Cyberattacken : Wieder die Russen? Hackerattacken auf den Weltsport

Matthieu Reeb ist Generalsekretär des Internationalen Sportgerichtshofs CAS.
Matthieu Reeb ist Generalsekretär des Internationalen Sportgerichtshofs CAS.

Russland ist nach den beispiellosen Dopingskandalen zurück auf dem Weg zu einem vollwertigen Mitglied des Weltsports. Nun gibt es aber massive Vorwürfe, russische Hacker hätten wichtige internationale Sportorganisationen angegriffen. Die Reaktionen sind unterschiedlich.

svz.de von
05. Oktober 2018, 16:57 Uhr

Zufrieden haben Sportorganisationen darauf reagiert, dass die Urheber von Cyberattacken auf sie angeblich ausfindig gemacht wurden.

«Es ist gut zu wissen, dass die Hacker nun identifiziert sind», teilte Matthieu Reeb, der Generalsekretär des Internationalen Sportgerichtshofs CAS, auf Anfrage der Deutschen Presse-Agentur mit. Die Nationale Antidoping-Agentur NADA «begrüßt die Untersuchungen».

Wie die USA, Großbritannien und die Niederlande beschuldigt nun die Bundesregierung offiziell Russland als Urheber massiver Cyberattacken der vergangenen Jahre. Das FBI und das US-Justizministerium hatten am Donnerstag sieben Agenten des russischen Militärgeheimdiensts GRU unter anderem wegen der Hackerangriffe auf Organisationen des Weltsports angeklagt.
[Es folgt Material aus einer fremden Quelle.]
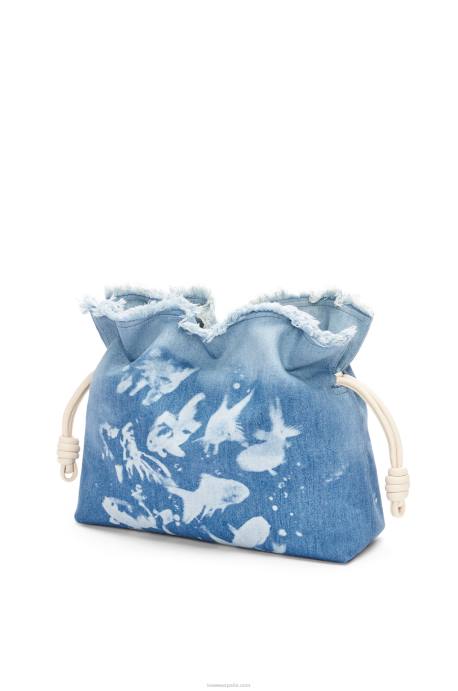Loewe mujer clutch flamenco grande en denim LP64391 azul claro/marfil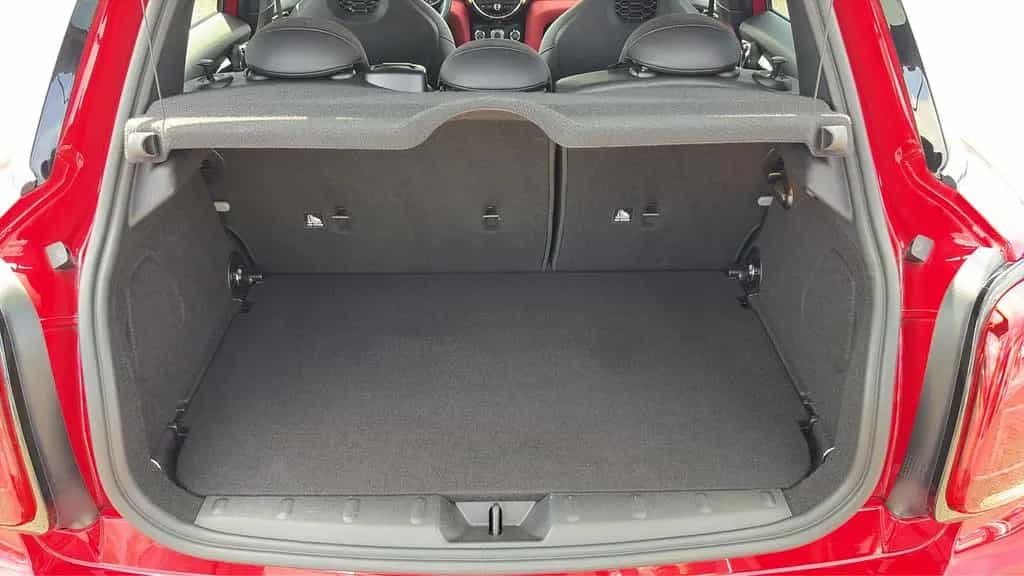 MINI Cooper S JCW Aerodynamik Doppelkupplungs-Getrieb 01/2022-photo-22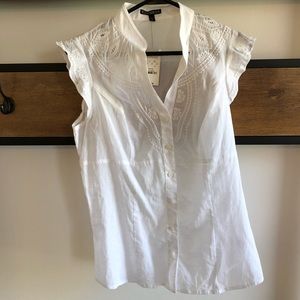 NWT White Flutter Sleeve Embroidered Blouse Size M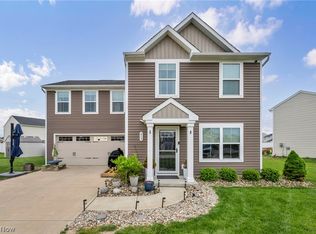 613 Cherrywood Ln, Painesville, OH 44077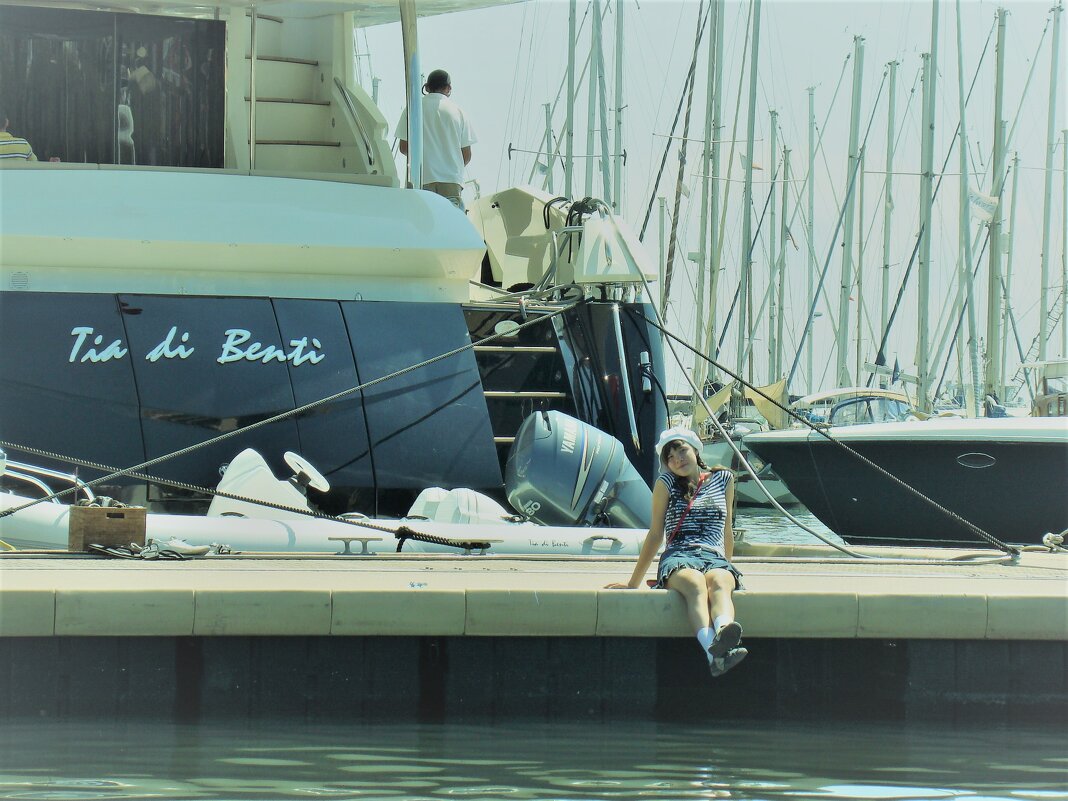 Cannes. девочка на причале для яхт - peretz 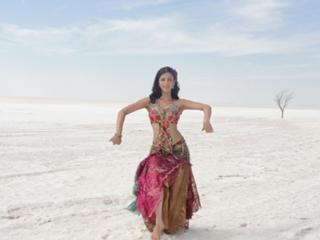Shruti Haasan feet photo thumbnail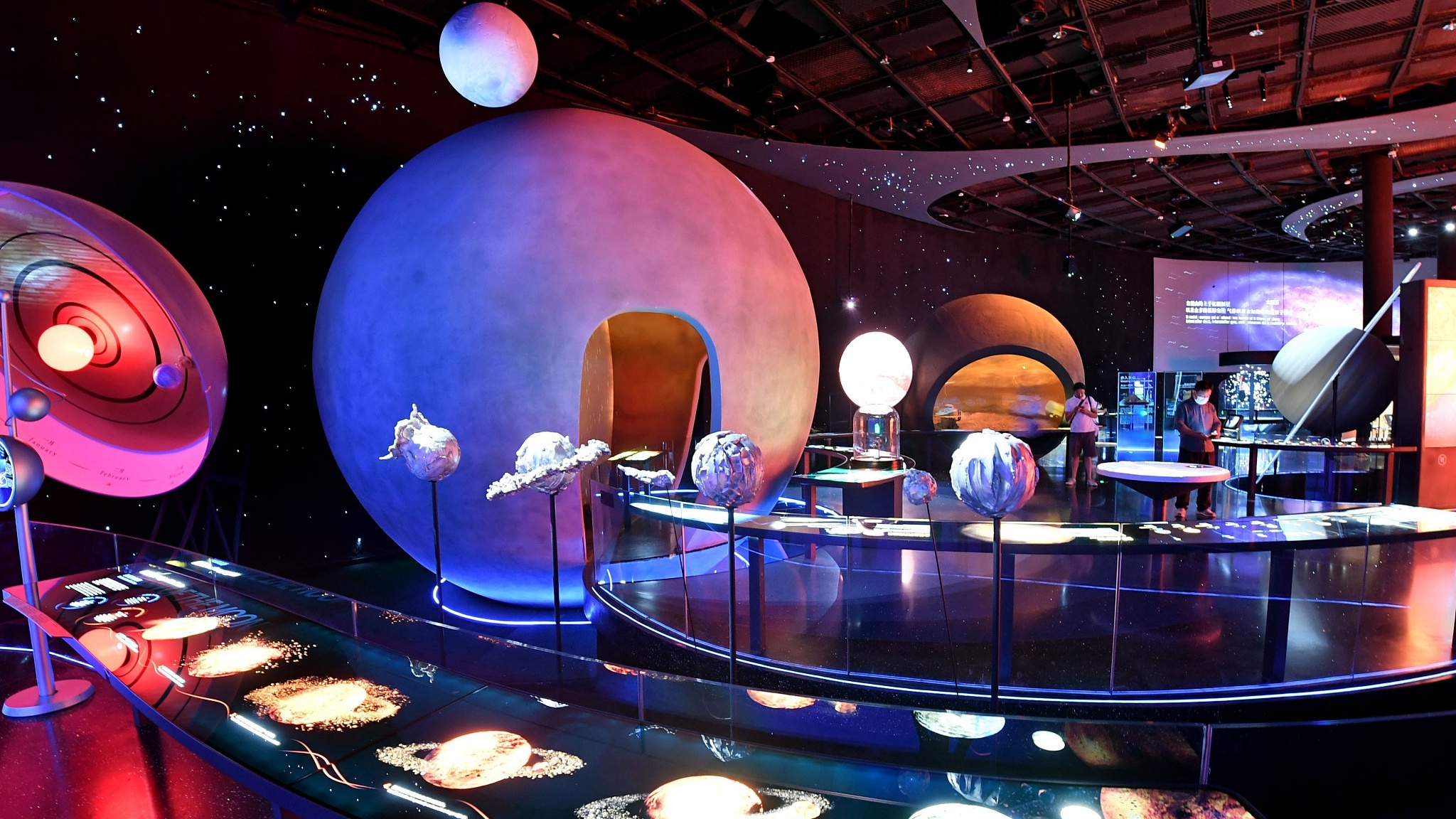 World's largest planetarium, Shanghai attraction, Cosmic spectacle, CGTN news, 2050x1160 HD Desktop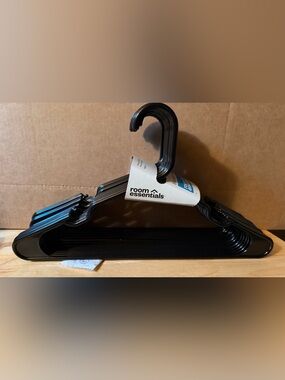 4 packs Room Essentials Black Closet Hangers - Set of 18 Plastic Hooks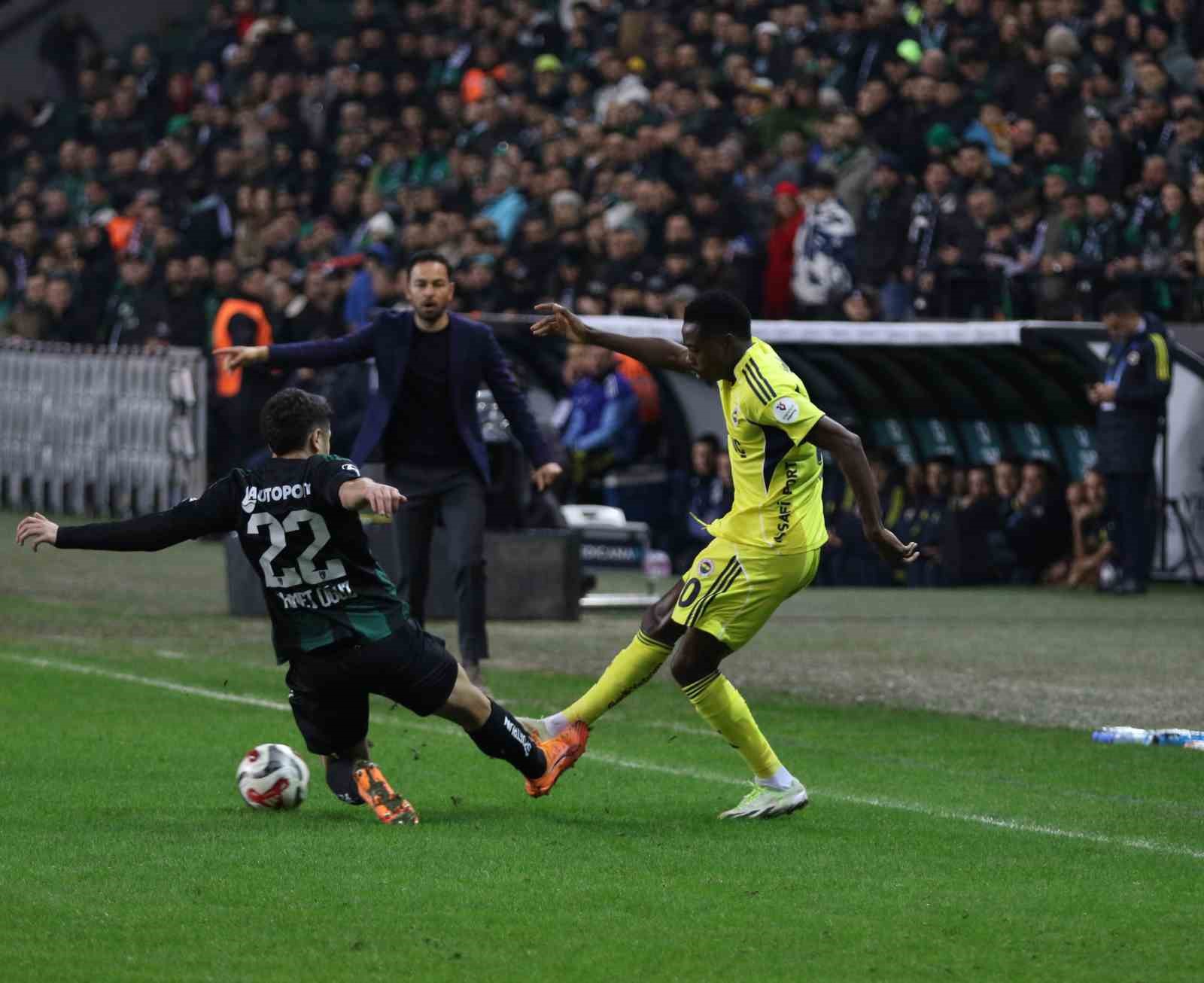 Trendyol Süper Lig: Kocaelispor: 0 - Fenerbahçe: 0 (Maç devam ediyor)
Dazu gehören neben dem CAS unter anderen die Welt-Antidoping-Agentur WADA, der Internationale Leichtathletik-Verband IAAF und der Fußball-Weltverband FIFA.

Der Sportgerichtshof CAS bestätigte, dass seine Website am 11. und 12. August 2016 während der Olympischen Spiele in Rio de Janeiro Ziel von Hackern gewesen sei. «Die Server des CAS waren widerstandsfähig genug, um Datensicherheit zu gewährleisten», sagte Generalsekretär Reeb. Die WADA hatte die deutsche NADA laut deren Angaben bereits 2016 über einen vermeintlichen Hackerangriff informiert und zusätzliche Sicherheitsoptionen in ihre Computersysteme eingebaut. Damit schützte sie das Meldesystem Adams, in dem Sportler unter anderem ihre Aufenthaltsorte hinterlegen. Die WADA teilte mit, dass es seitdem keinen beweisbaren Einbruch in die Systeme gegeben habe.

IOC-Präsident Thomas Bach sagte nach der Sitzung des Exekutivkomitees am Donnerstag in Buenos Aires, dass das IOC das Ziel von «zahlreichen Attacken» gewesen sei und das Abwehrsystem deshalb «ständig verbessert» wurde. Er nannte die Russen allerdings nicht als Verantwortliche. Bach sagte, er wolle sich derzeit nicht im Detail äußern, um den Hackern keine Tipps zu geben.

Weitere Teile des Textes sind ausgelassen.